Ma très chère Louise,

Tu te demandais, dans ta dernière lettre, quel genre de métier nous pourrions faire plus tard, après le pensionnat pour moi, après le collège en ce qui te concerne. Voilà une drôle de question à laquelle je n'avais jamais réfléchi auparavant, je dois bien te l'avouer.

Aussi, tu me connais, est-ce un sujet qui m'a longtemps préoccupée après ma lecture. Et j'y ai beaucoup réfléchi. Devenir religieuse, comme l'une des ursulines qui nous enseignent, au pensionnat ? Elles sont admirables, mais ce n'est pas vraiment pour moi.

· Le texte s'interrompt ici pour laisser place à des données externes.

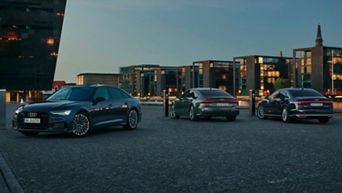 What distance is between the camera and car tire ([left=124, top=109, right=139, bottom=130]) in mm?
13289

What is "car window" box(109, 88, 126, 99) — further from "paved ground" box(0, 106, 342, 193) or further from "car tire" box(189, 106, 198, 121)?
"car tire" box(189, 106, 198, 121)

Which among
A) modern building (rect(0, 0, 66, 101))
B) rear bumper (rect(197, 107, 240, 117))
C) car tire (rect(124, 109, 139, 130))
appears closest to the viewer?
car tire (rect(124, 109, 139, 130))

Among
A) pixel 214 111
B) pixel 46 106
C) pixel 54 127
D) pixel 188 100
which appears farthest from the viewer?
pixel 188 100

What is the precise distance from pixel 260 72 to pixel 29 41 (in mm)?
76893

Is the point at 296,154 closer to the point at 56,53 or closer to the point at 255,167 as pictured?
the point at 255,167

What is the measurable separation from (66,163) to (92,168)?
27.9 inches

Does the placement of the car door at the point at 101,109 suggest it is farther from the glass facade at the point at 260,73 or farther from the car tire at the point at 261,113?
the glass facade at the point at 260,73

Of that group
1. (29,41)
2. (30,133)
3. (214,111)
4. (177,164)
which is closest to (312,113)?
(214,111)

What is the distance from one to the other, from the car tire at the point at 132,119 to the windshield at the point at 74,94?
5.68 ft

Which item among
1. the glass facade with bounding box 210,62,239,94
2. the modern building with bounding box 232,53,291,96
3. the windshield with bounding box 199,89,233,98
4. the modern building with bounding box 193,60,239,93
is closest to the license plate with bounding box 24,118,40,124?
the windshield with bounding box 199,89,233,98

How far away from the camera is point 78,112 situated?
11.0m

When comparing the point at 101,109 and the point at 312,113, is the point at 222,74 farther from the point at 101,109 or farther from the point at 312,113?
the point at 101,109

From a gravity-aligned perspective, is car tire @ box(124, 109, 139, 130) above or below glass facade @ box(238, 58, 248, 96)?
below

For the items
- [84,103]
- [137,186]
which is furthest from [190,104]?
[137,186] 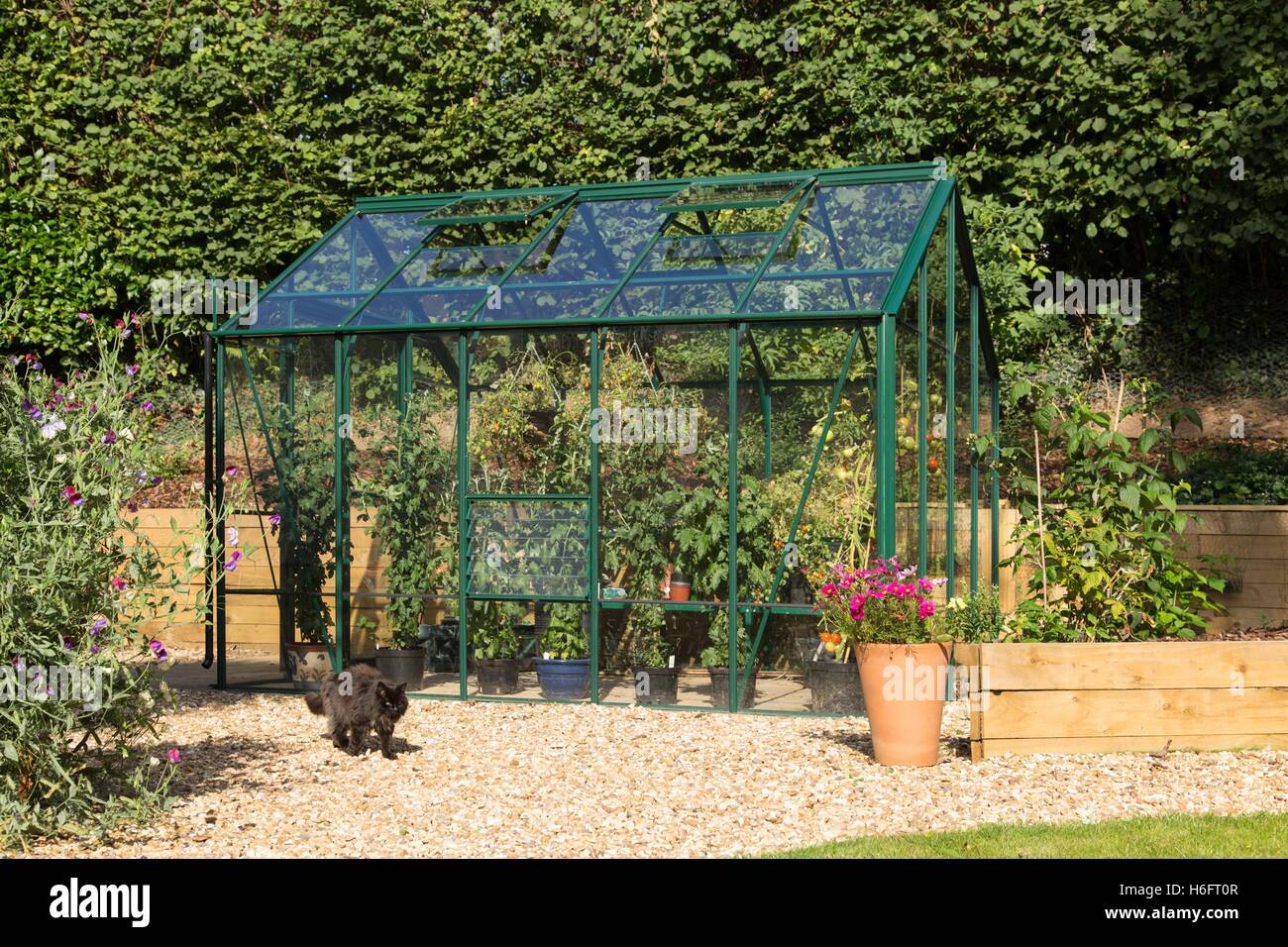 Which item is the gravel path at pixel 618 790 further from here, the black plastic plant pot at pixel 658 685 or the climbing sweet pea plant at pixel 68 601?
the black plastic plant pot at pixel 658 685

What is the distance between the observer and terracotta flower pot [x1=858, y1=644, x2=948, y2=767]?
6.22m

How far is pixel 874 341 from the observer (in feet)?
25.7

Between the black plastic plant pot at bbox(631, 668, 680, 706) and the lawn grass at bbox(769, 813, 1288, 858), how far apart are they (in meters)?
3.36

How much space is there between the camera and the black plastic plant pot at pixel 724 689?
26.5 feet

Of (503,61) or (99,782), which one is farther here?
(503,61)

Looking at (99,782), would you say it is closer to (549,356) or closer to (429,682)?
(429,682)

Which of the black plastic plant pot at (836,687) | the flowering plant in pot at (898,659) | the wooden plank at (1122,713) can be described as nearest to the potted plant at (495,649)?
the black plastic plant pot at (836,687)

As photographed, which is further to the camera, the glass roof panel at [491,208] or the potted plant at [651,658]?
the glass roof panel at [491,208]

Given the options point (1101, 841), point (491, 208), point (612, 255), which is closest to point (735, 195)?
point (612, 255)

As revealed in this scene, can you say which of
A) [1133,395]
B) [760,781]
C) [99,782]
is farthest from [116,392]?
[1133,395]

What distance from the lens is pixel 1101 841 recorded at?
187 inches

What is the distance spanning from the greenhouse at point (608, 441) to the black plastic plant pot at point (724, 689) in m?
0.01

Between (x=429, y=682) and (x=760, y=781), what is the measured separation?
3.52 m

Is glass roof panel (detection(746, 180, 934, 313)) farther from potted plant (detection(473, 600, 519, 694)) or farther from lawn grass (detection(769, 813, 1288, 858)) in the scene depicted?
lawn grass (detection(769, 813, 1288, 858)) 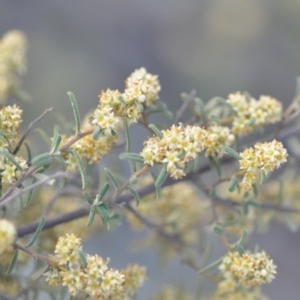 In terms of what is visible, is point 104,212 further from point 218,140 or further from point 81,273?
point 218,140

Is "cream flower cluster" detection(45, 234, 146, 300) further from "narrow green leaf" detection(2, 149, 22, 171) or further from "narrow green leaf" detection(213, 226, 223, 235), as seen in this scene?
"narrow green leaf" detection(213, 226, 223, 235)

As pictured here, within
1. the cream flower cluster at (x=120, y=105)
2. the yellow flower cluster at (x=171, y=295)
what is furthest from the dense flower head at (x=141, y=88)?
the yellow flower cluster at (x=171, y=295)

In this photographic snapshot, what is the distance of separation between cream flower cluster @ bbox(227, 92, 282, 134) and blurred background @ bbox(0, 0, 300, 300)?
6.86 ft

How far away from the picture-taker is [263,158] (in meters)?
0.89

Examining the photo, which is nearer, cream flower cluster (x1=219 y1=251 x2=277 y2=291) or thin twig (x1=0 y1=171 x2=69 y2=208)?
thin twig (x1=0 y1=171 x2=69 y2=208)

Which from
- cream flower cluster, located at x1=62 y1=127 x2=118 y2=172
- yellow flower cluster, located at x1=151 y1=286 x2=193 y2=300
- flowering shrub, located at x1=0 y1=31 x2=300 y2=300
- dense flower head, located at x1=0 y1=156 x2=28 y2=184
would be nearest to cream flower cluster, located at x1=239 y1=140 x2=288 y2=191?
flowering shrub, located at x1=0 y1=31 x2=300 y2=300

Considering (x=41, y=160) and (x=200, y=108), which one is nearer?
(x=41, y=160)

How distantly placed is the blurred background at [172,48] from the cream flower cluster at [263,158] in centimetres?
223

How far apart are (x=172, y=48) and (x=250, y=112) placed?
2550 mm

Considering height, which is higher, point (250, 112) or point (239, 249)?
point (250, 112)

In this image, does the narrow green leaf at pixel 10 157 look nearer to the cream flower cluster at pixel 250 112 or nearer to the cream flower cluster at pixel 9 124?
the cream flower cluster at pixel 9 124

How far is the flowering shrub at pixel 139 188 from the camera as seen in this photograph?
0.86m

En aurais-je seulement la patience ? Me donner ainsi à Notre Seigneur et aux autres ? Je crains de ne pas avoir ce dévouement, d'avoir trop besoin de liberté pour cela.

Tu sais que mon père est l'un des soyeux, comme on les appelle, qui, à Lyon, s'occupent de la production et du commerce de la soie. Mais y a-t-il des femmes qui travaillent dans ce domaine, en dehors des ouvrières ? J'en doute fortement. Est-ce un choix de leur part ? Après tout, si des femmes peuvent travailler à produire la soie, pourquoi d'autres femmes ne pourraient-elles pas tenir des rôles différents dans cette même filière ?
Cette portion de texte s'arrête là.